DIRECTIONS → What is needed is a faithful copy of all the entries, with no pictures in it.

* * * * * * * * *

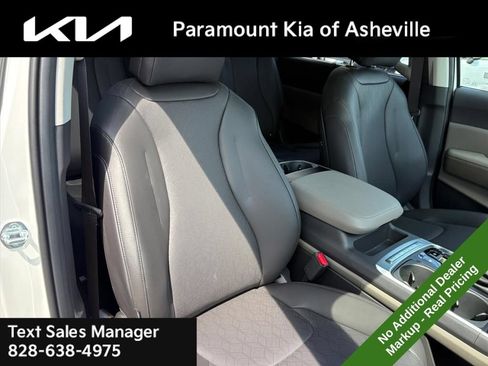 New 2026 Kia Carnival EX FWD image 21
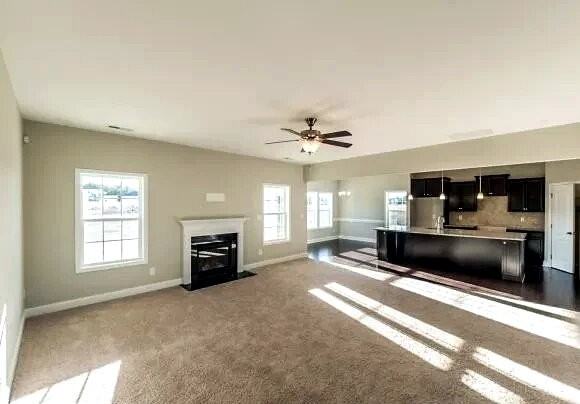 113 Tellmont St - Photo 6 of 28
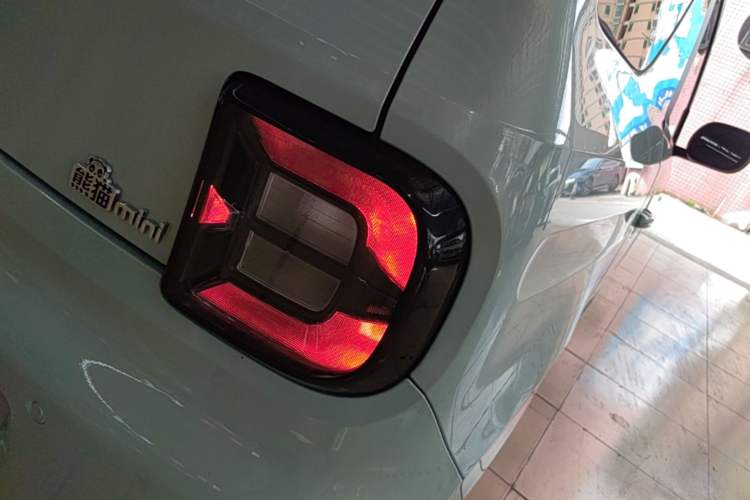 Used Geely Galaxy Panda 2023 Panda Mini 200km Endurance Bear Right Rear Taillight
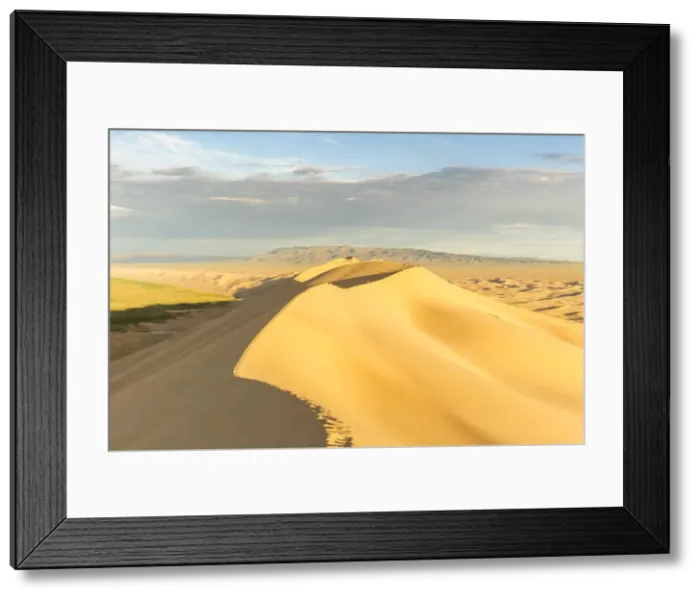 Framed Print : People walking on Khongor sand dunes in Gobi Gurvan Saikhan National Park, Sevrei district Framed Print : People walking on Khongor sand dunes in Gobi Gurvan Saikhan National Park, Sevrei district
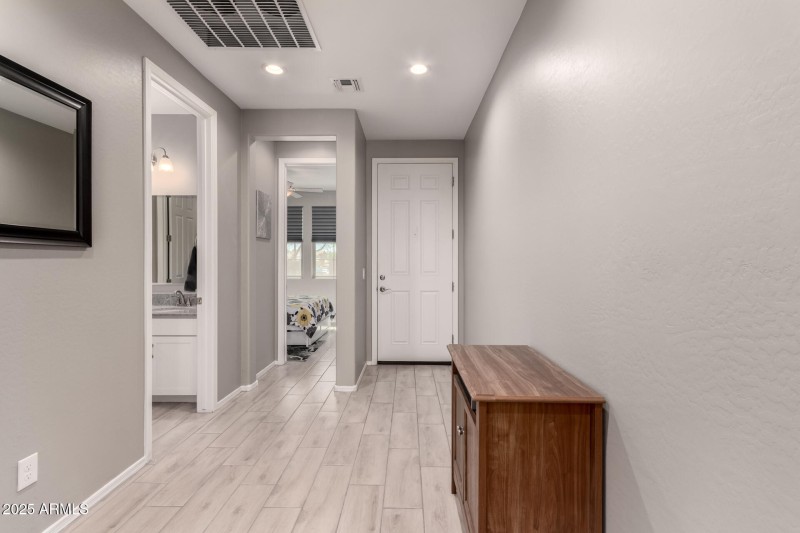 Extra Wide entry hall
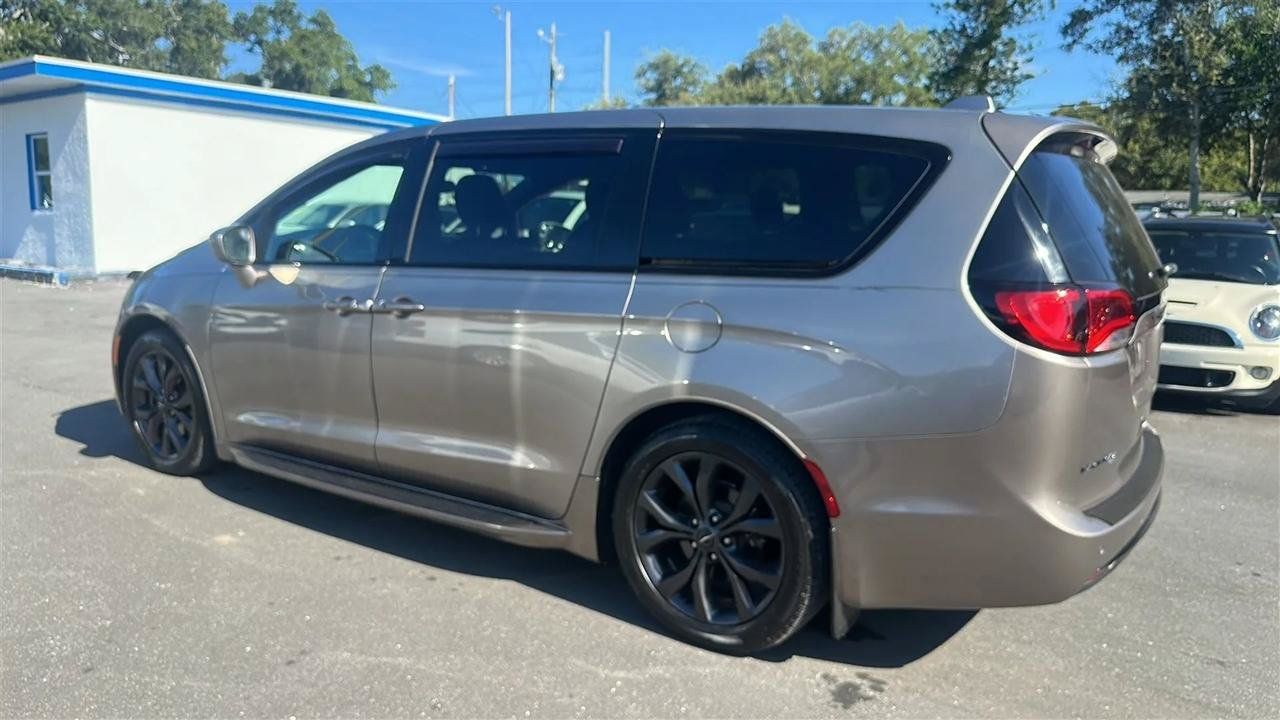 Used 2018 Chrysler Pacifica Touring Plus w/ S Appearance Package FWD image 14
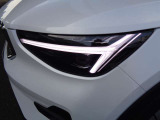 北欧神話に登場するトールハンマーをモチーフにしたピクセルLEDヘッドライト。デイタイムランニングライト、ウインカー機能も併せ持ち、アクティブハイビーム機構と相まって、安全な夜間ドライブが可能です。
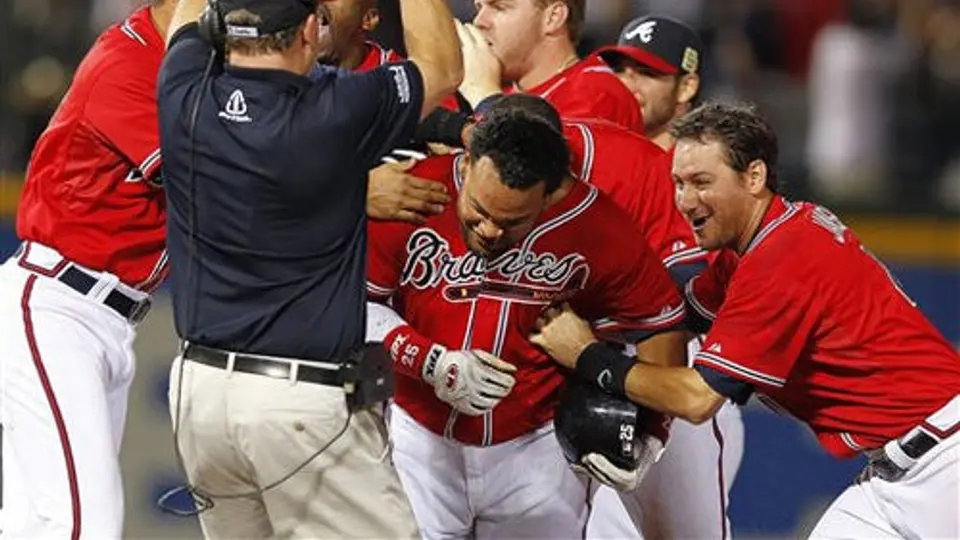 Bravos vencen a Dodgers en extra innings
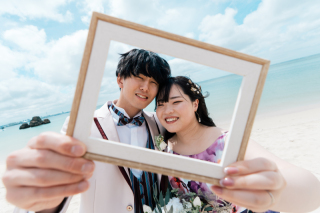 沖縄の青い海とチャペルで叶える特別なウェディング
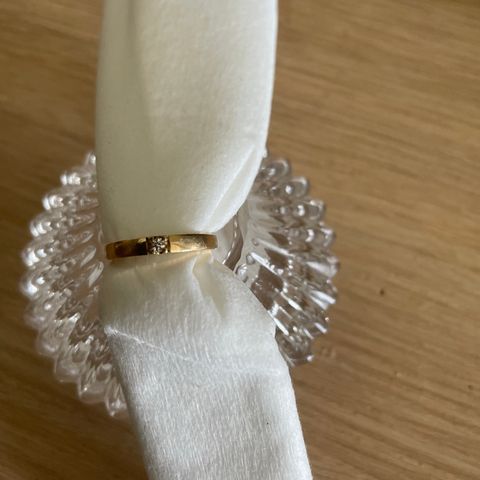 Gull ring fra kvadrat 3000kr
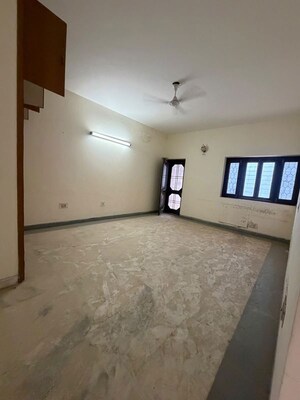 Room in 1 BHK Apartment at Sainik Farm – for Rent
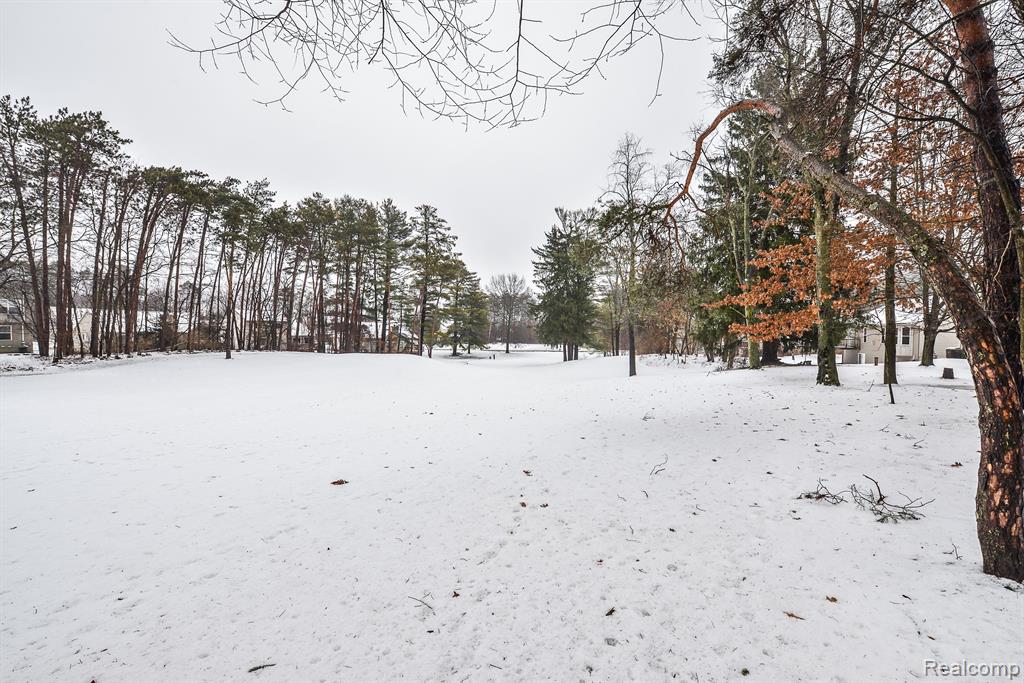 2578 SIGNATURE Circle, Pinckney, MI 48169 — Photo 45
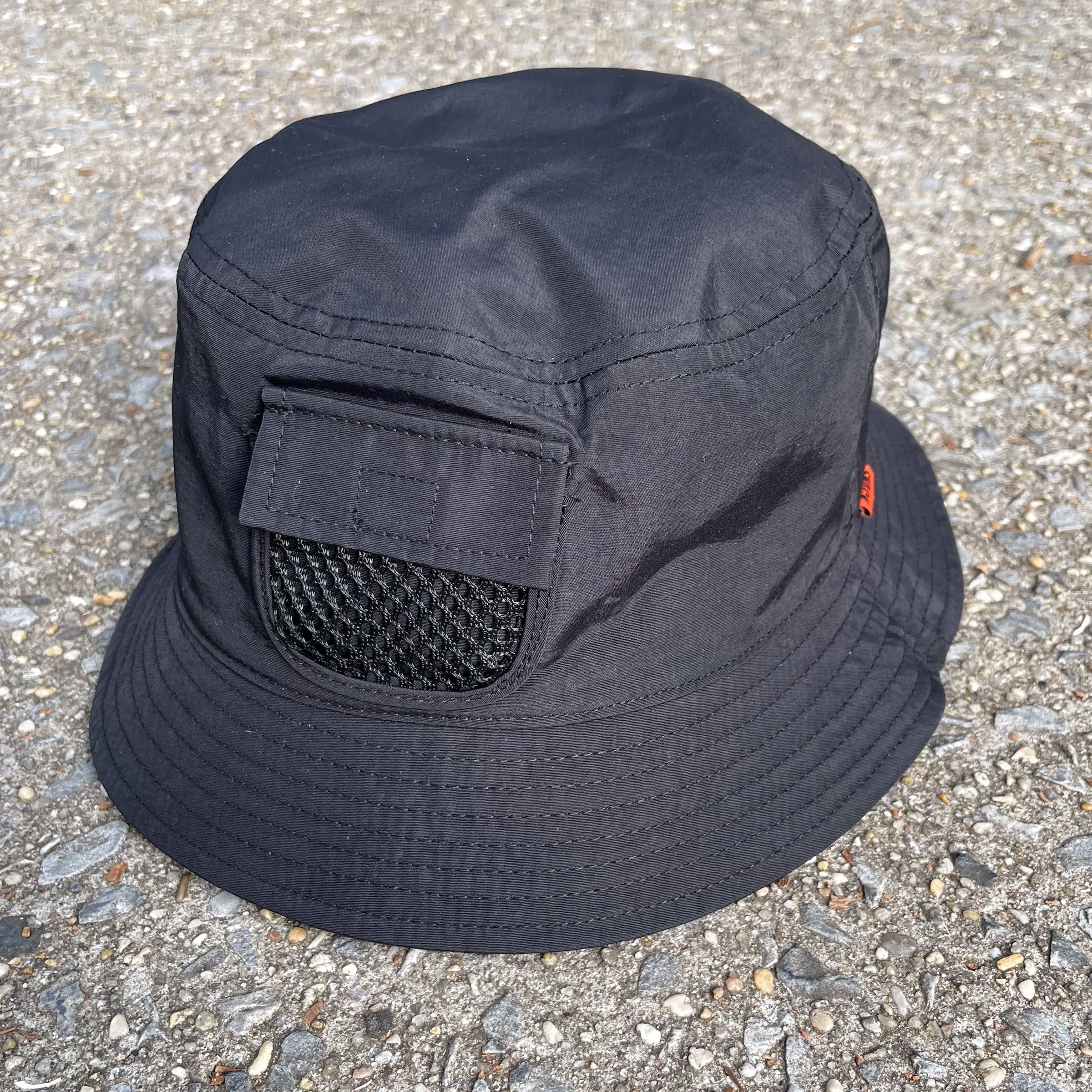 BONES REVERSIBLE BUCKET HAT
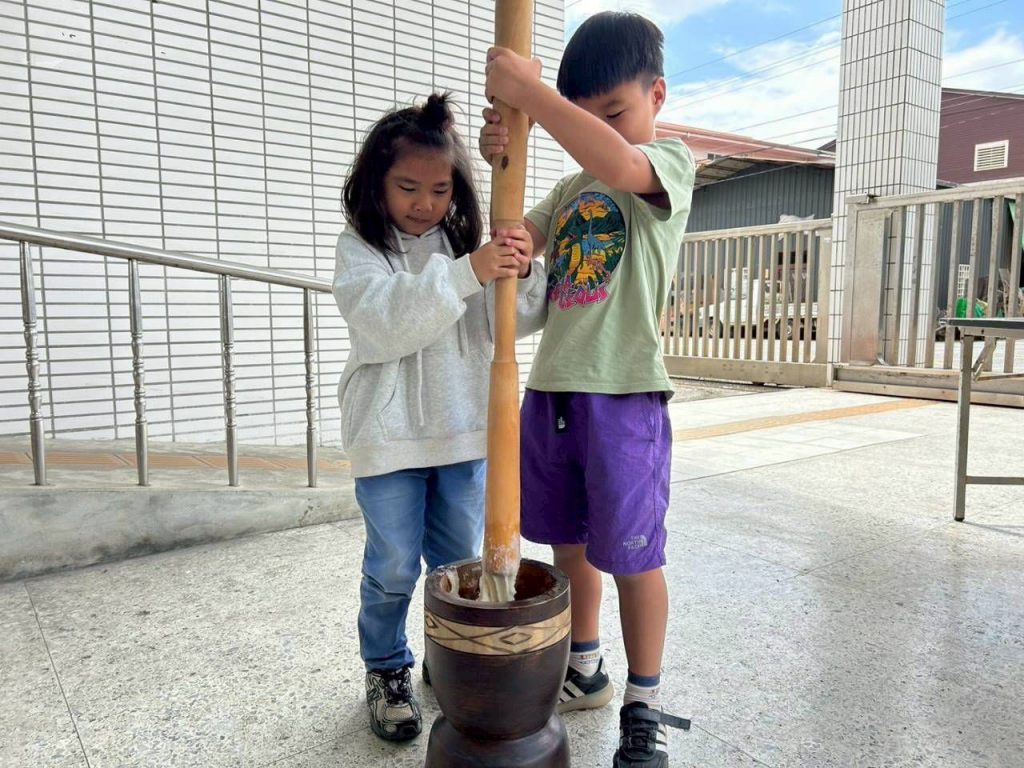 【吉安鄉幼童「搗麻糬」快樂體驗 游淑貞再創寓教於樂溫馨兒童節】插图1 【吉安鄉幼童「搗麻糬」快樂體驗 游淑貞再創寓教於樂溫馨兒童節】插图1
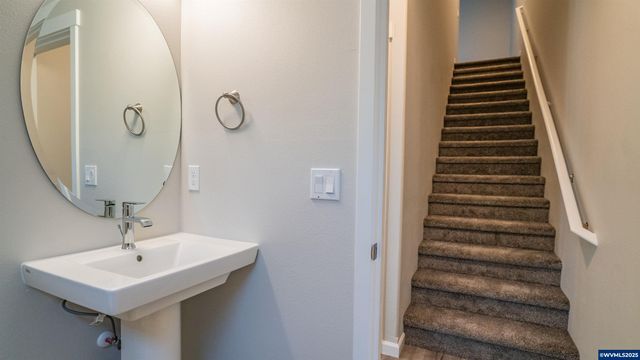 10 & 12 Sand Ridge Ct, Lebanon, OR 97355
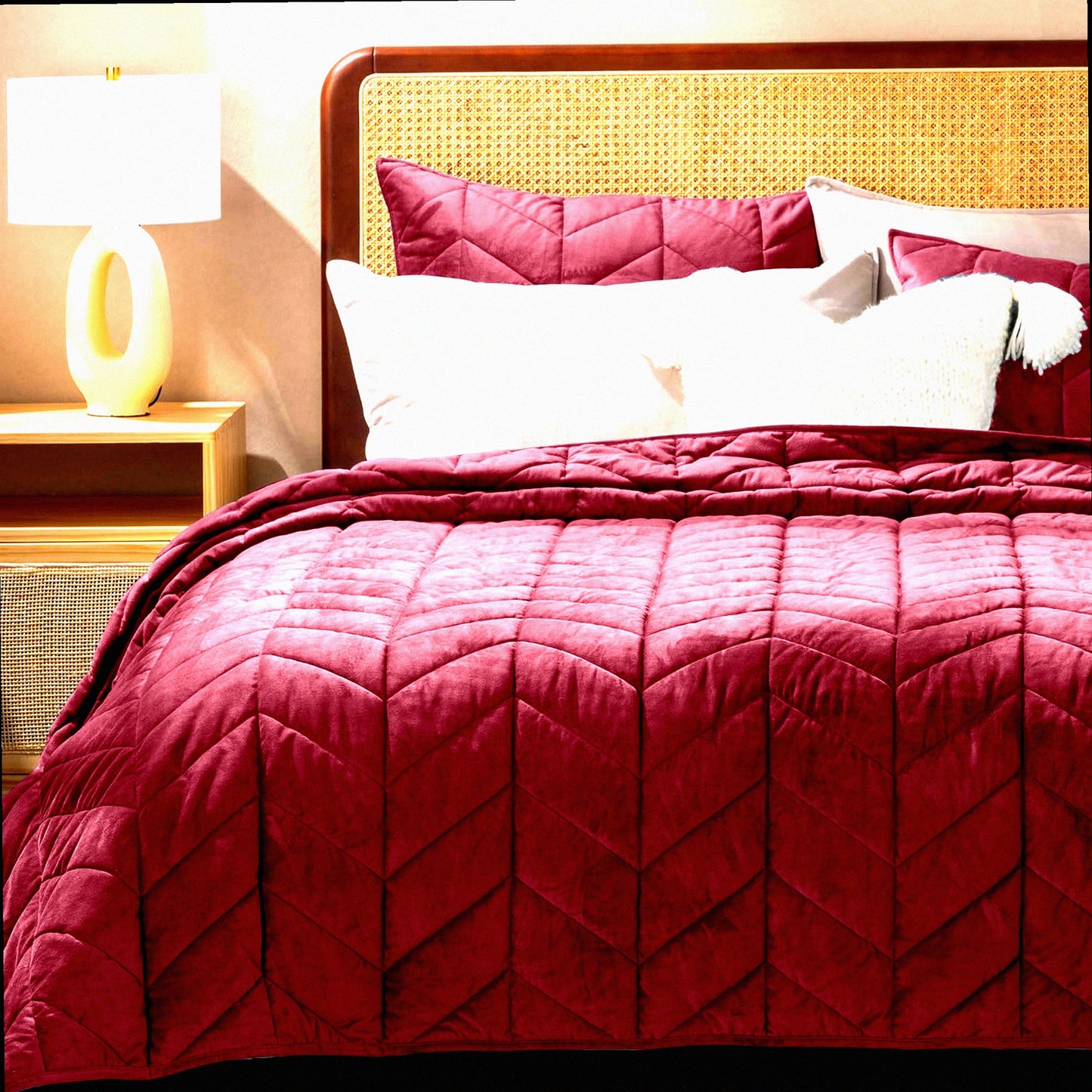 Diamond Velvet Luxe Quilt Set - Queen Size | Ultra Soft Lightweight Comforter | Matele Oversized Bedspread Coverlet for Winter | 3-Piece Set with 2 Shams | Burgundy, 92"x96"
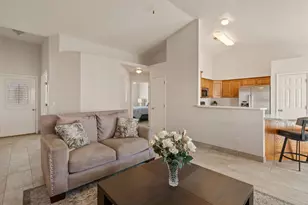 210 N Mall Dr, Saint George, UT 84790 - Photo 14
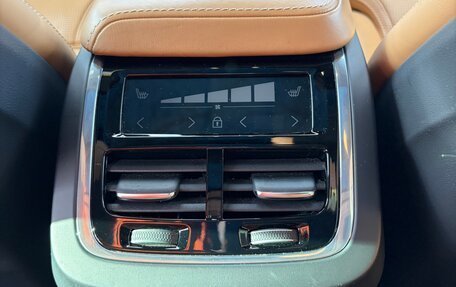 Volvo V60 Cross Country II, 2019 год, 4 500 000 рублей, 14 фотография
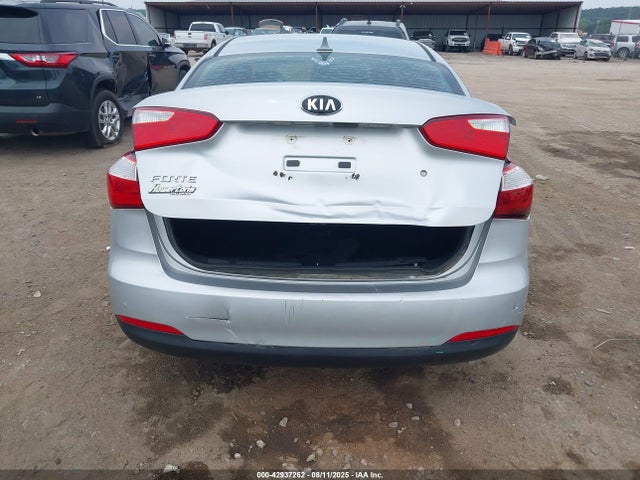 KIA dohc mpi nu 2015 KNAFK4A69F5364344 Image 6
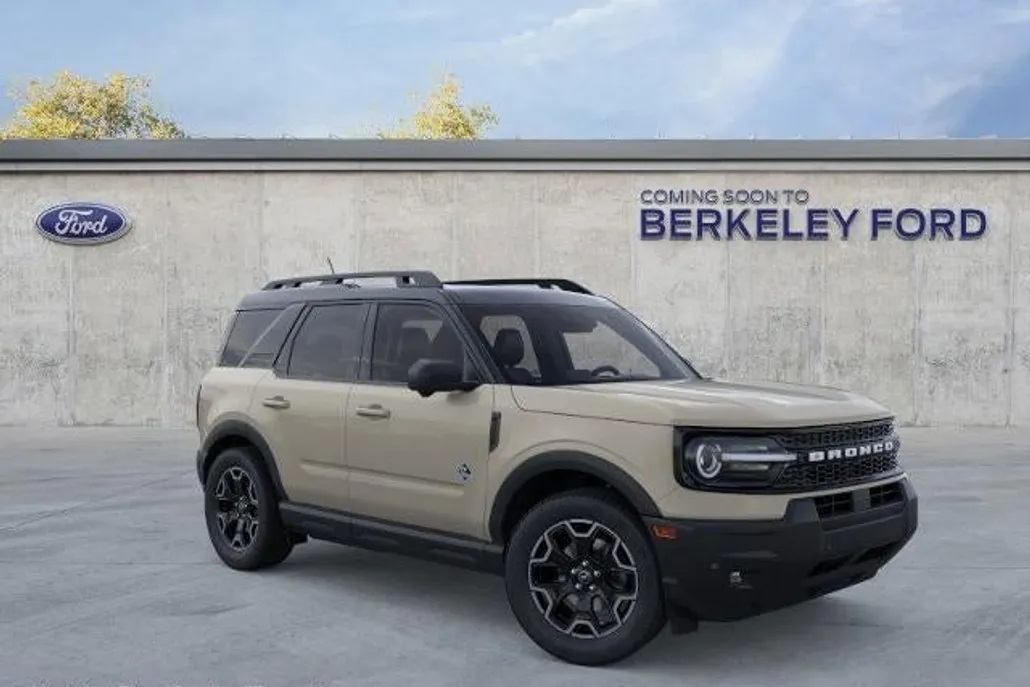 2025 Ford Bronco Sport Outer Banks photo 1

* * * * * * * * *

SOLUTION →
 New 2026 Kia Carnival EX FWD image 21
 113 Tellmont St - Photo 6 of 28
 Used Geely Galaxy Panda 2023 Panda Mini 200km Endurance Bear Right Rear Taillight
 Framed Print : People walking on Khongor sand dunes in Gobi Gurvan Saikhan National Park, Sevrei district Framed Print : People walking on Khongor sand dunes in Gobi Gurvan Saikhan National Park, Sevrei district
 Extra Wide entry hall
 Used 2018 Chrysler Pacifica Touring Plus w/ S Appearance Package FWD image 14
 北欧神話に登場するトールハンマーをモチーフにしたピクセルLEDヘッドライト。デイタイムランニングライト、ウインカー機能も併せ持ち、アクティブハイビーム機構と相まって、安全な夜間ドライブが可能です。
 Bravos vencen a Dodgers en extra innings
 沖縄の青い海とチャペルで叶える特別なウェディング
 Gull ring fra kvadrat 3000kr
 Room in 1 BHK Apartment at Sainik Farm – for Rent
 2578 SIGNATURE Circle, Pinckney, MI 48169 — Photo 45
 BONES REVERSIBLE BUCKET HAT
 【吉安鄉幼童「搗麻糬」快樂體驗 游淑貞再創寓教於樂溫馨兒童節】插图1 【吉安鄉幼童「搗麻糬」快樂體驗 游淑貞再創寓教於樂溫馨兒童節】插图1
 10 & 12 Sand Ridge Ct, Lebanon, OR 97355
 Diamond Velvet Luxe Quilt Set - Queen Size | Ultra Soft Lightweight Comforter | Matele Oversized Bedspread Coverlet for Winter | 3-Piece Set with 2 Shams | Burgundy, 92"x96"
 210 N Mall Dr, Saint George, UT 84790 - Photo 14
 Volvo V60 Cross Country II, 2019 год, 4 500 000 рублей, 14 фотография
 KIA dohc mpi nu 2015 KNAFK4A69F5364344 Image 6
 2025 Ford Bronco Sport Outer Banks photo 1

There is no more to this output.